Keadilan Gender adalah suatu proses dan perlakuan adil terhadap perempuan dan laki-laki. Dengan keadilan gender berarti tidak ada pembakuan peran, beban ganda, subordinasi, marginalisasi dan kekerasan terhadap perempuan maupun laki-laki.

Terwujudnya kesetaraan dan keadilan gender ditandai dengan tidak adanya diskriminasi antara perempuan dan laki-laki dan dengan demikian mereka memiliki akses, kesempatan berpartisipasi dan kontrol atas pembangunan serta memperoleh manfaat yang setara dan adil dari pembangunan.

BENTUK-BENTUK KETIDAKADILAN GENDER

- MARGINALISASI (PEMINGGIRAN):

- Upah perempuan lebih kecil.

- Izin usaha perempuan harus diketahui ayah (jika masih lajang & suami jika sudah menikah).

- Permohonan kredit harus seizin suami.

- Pembatasan kesempatan di bidang pekerjaan terhadap perempuan.

Kemajuan teknologi industri meminggirkan peran serta perempuan.

- SUBORDINASI (PENOMORDUAAN):

- Perempuan sebagai “konco wingking” (orang belakang).

- Hak kawin perempuan dinomorduakan.

- Bagian waris perempuan lebih sedikit.

- Perempuan dinomorduakan dalam peluang di bidang politik dan jabatan.

- PELABELAN/CITRA BAKU/STEREOTYPE:

- Perempuan: sumur – dapur – kasur.

- Perempuan: macak – masak – manak.

- Laki-laki: tulang punggung keluarga.

- Laki-laki: kehebatannya dilekatkan pada kemampuan seksual dan karirnya.

- Laki-laki: mata keranjang.

- BEBAN GANDA/DOUBLE BURDEN:

- Perempuan bekerja di luar maupun di dalam rumah.

- Laki-laki bekerja masih harus siskamling.

- Perempuan sebagai perawat, pendidik anak sekaligus pendamping suami, pencari nafkah tambahan.

- Perempuan pencari nafkah utama sekaligus merawat anak.

- TINDAK KEKERASAN/VIOLENCE:

- Ekploitasi terhadap perempuan.

- Pelecehan seksual terhadap perempuan.

- Perkosaan.

- Laki-laki dan perempuan jadi obyek iklan.

- Laki-laki diharuskan/diharapkan sebagai pencari nafkah.

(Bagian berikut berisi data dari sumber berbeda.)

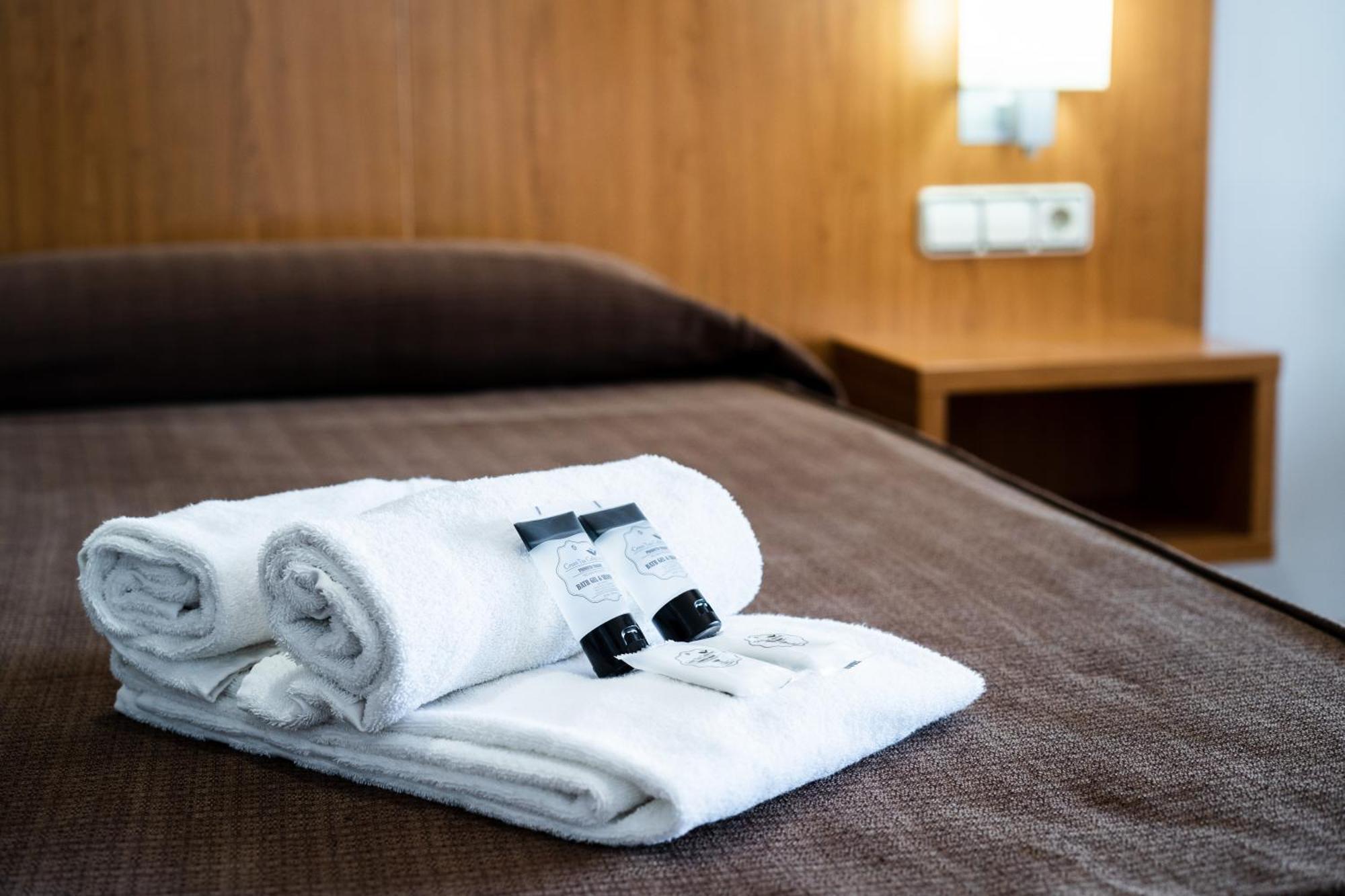 As Monreal Del Campo Hotel Ngoại thất bức ảnh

- Laki-laki bertubuh pendek dianggap kurang laki-laki, gagal di bidang karir, dilecehkan.

FAKTOR-FAKTOR PENYEBAB TERJADINYA KESENJANGAN GENDER

- Nilai sosial dan budaya patriarkhi.

- Produk dan peraturan perundang-undangan yang masih bias gender.

- Pemahaman ajaran agama yang tidak komprehensif dan cenderung parsial.

- Kelemahan kurang percaya diri, tekad, dan inkonsistensi kaum perempuan sendiri dalam memperjuangkan nasibnya.

GENDER MAINSTREAMING (PENGARUSUTAMAAN GENDER)

Strategi untuk mewujudkan kesetaraan dan keadilan gender adalah melalui kebijakan dan program yang memperhatikan pengalaman, aspirasi, kebutuhan, pengalaman perempuan & laki-laki ke dalam perencanaan, pemantauan, evaluasi dari seluruh kebijakan dan program di berbagai bidang kehidupan dan pembangunan.

KESIMPULAN

- Gender itu laki-laki dan perempuan.

- Proses penyadaran masyarakat tentang gender membutuhkan waktu yang panjang.

- Proses penyadaran gender harus dimulai dari unit terkecil, yaitu keluarga.

- Laki-laki dan perempuan memang berbeda, tetapi tidak boleh dibeda-bedakan.